#### Stored entries
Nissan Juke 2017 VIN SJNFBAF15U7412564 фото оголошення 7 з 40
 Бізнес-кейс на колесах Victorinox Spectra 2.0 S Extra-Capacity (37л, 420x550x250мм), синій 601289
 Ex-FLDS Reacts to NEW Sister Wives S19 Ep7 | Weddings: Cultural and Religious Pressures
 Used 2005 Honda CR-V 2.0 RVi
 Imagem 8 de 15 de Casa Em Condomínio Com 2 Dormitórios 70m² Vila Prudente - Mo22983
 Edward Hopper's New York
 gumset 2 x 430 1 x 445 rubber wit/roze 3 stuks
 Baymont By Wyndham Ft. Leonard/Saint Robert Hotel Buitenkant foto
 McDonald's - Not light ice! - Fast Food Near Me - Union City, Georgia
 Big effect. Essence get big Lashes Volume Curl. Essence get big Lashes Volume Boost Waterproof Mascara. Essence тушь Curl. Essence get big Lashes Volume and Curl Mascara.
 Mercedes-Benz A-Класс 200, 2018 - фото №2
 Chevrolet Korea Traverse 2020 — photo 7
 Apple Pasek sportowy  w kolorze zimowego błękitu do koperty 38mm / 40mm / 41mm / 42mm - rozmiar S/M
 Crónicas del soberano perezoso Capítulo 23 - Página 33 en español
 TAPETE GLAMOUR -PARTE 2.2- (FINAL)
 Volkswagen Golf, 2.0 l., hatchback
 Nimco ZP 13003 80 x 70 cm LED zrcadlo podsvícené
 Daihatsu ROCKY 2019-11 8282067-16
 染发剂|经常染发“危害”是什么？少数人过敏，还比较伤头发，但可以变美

#### ABOUT THIS TASK
Every entry above should be retyped exactly as it appears.

#### WRITTEN SOLUTION
Nissan Juke 2017 VIN SJNFBAF15U7412564 фото оголошення 7 з 40
 Бізнес-кейс на колесах Victorinox Spectra 2.0 S Extra-Capacity (37л, 420x550x250мм), синій 601289
 Ex-FLDS Reacts to NEW Sister Wives S19 Ep7 | Weddings: Cultural and Religious Pressures
 Used 2005 Honda CR-V 2.0 RVi
 Imagem 8 de 15 de Casa Em Condomínio Com 2 Dormitórios 70m² Vila Prudente - Mo22983
 Edward Hopper's New York
 gumset 2 x 430 1 x 445 rubber wit/roze 3 stuks
 Baymont By Wyndham Ft. Leonard/Saint Robert Hotel Buitenkant foto
 McDonald's - Not light ice! - Fast Food Near Me - Union City, Georgia
 Big effect. Essence get big Lashes Volume Curl. Essence get big Lashes Volume Boost Waterproof Mascara. Essence тушь Curl. Essence get big Lashes Volume and Curl Mascara.
 Mercedes-Benz A-Класс 200, 2018 - фото №2
 Chevrolet Korea Traverse 2020 — photo 7
 Apple Pasek sportowy  w kolorze zimowego błękitu do koperty 38mm / 40mm / 41mm / 42mm - rozmiar S/M
 Crónicas del soberano perezoso Capítulo 23 - Página 33 en español
 TAPETE GLAMOUR -PARTE 2.2- (FINAL)
 Volkswagen Golf, 2.0 l., hatchback
 Nimco ZP 13003 80 x 70 cm LED zrcadlo podsvícené
 Daihatsu ROCKY 2019-11 8282067-16
 染发剂|经常染发“危害”是什么？少数人过敏，还比较伤头发，但可以变美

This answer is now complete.